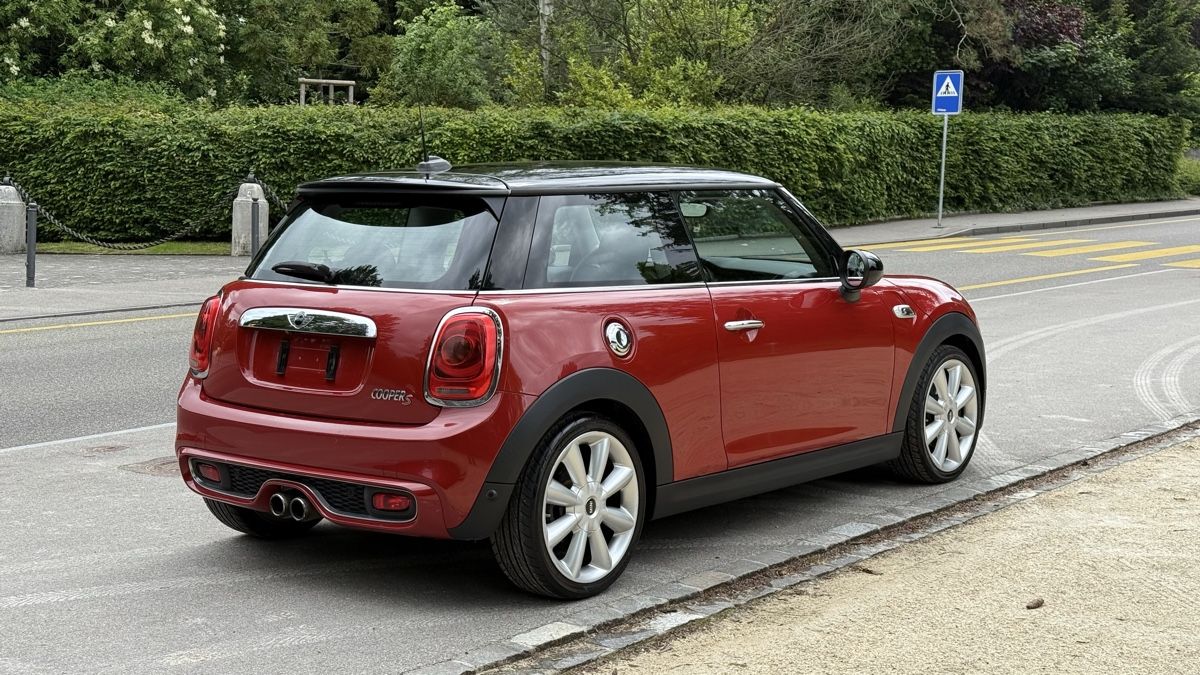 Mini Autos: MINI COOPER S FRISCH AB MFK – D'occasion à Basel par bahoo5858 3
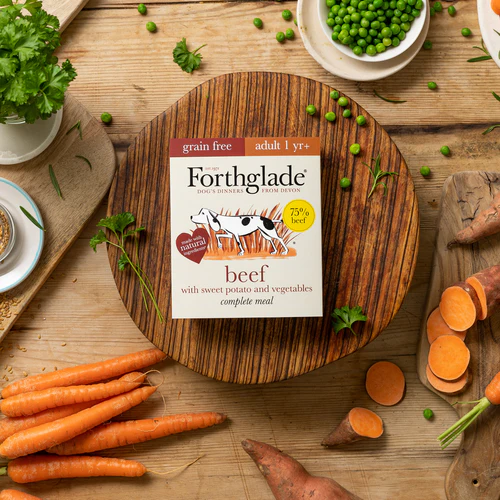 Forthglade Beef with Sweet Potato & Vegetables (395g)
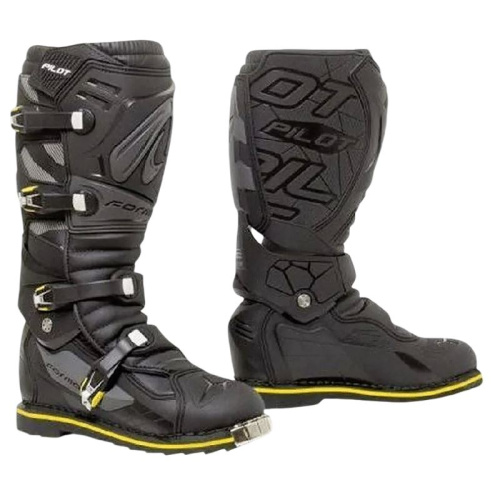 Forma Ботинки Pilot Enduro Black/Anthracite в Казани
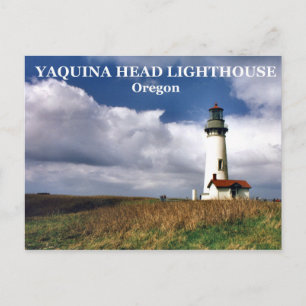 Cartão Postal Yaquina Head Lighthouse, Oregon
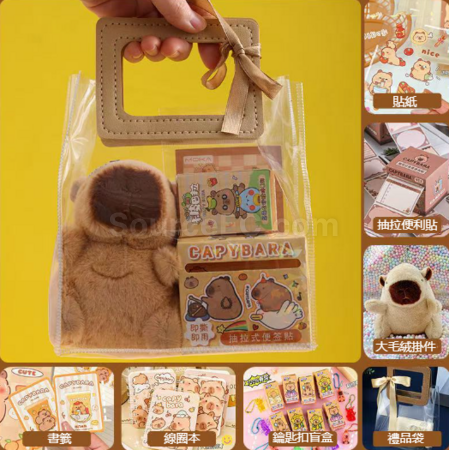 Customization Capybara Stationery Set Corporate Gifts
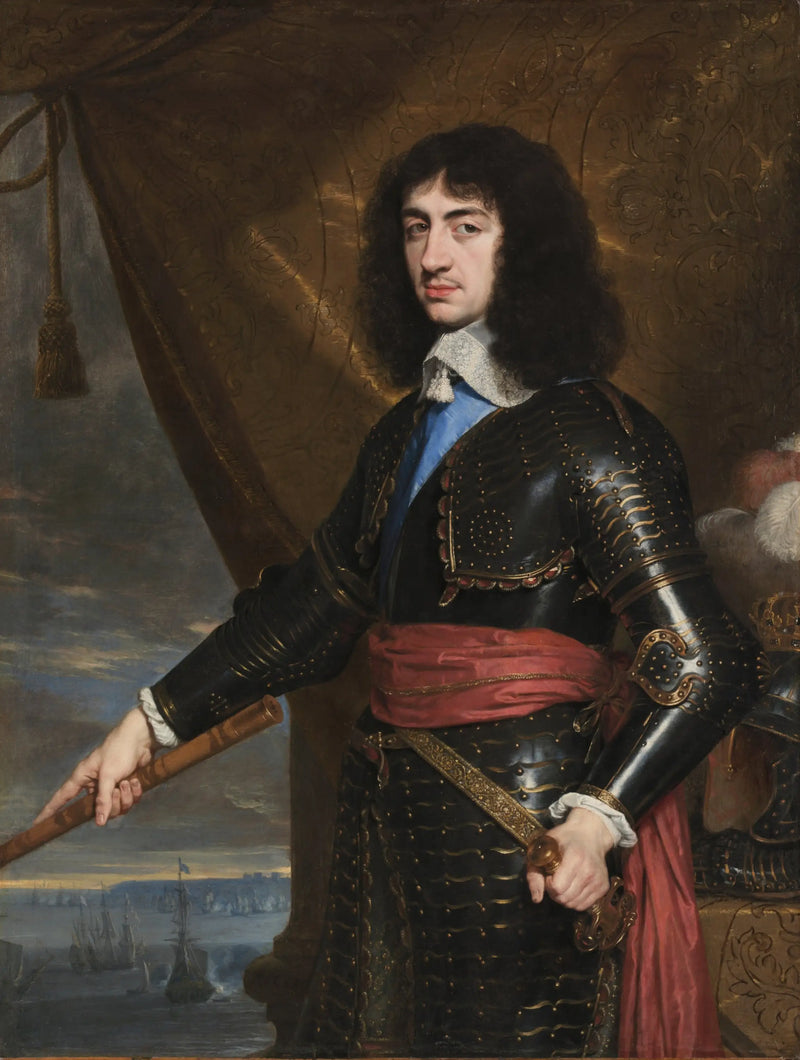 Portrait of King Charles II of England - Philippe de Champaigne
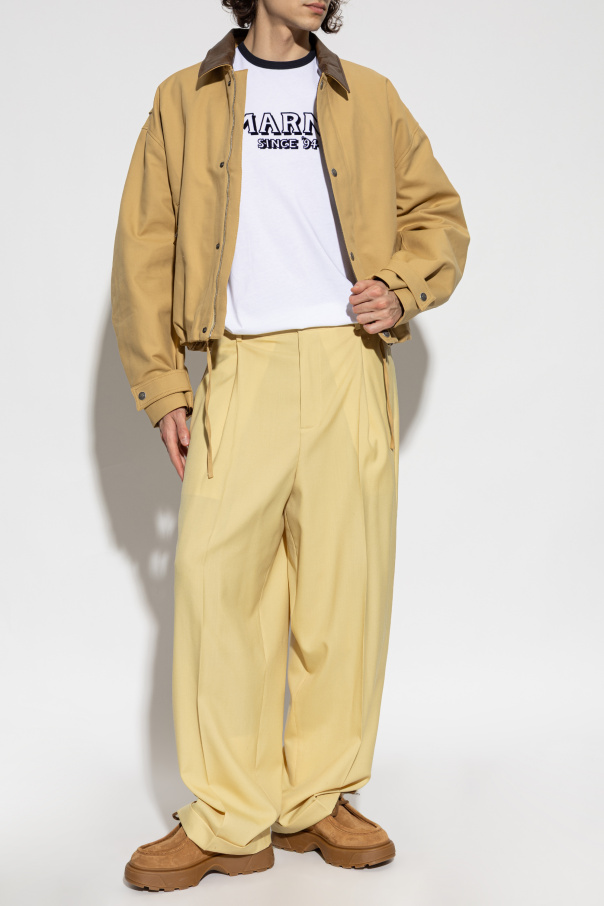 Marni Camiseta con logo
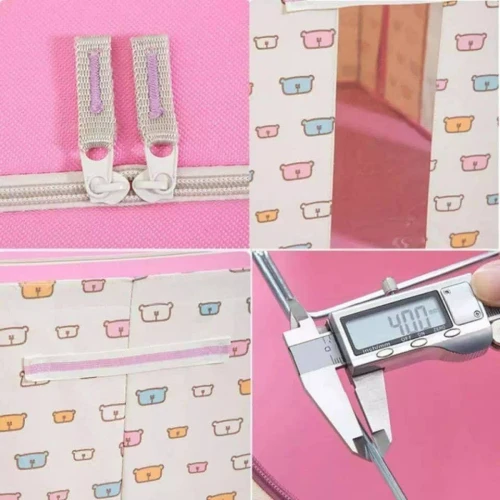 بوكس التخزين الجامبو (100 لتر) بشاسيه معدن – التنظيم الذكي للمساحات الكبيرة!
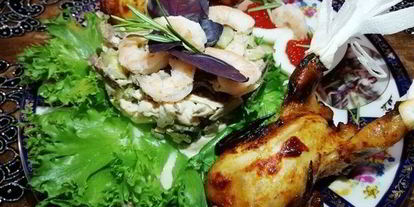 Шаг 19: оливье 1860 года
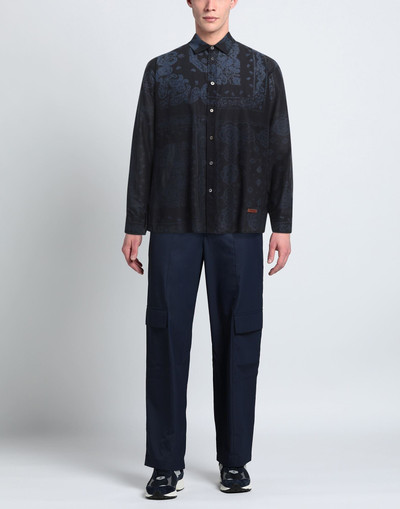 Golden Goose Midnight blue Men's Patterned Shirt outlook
::::::
# Brief:
Please print the line that contains "Cartão Postal Yaquina" along with every later line of the material, exactly, through the last one. Leave pictures out of the copy.

# Answer:
 Cartão Postal Yaquina Head Lighthouse, Oregon
 Customization Capybara Stationery Set Corporate Gifts
 Portrait of King Charles II of England - Philippe de Champaigne
 Marni Camiseta con logo
 بوكس التخزين الجامبو (100 لتر) بشاسيه معدن – التنظيم الذكي للمساحات الكبيرة!
 Шаг 19: оливье 1860 года
 Golden Goose Midnight blue Men's Patterned Shirt outlook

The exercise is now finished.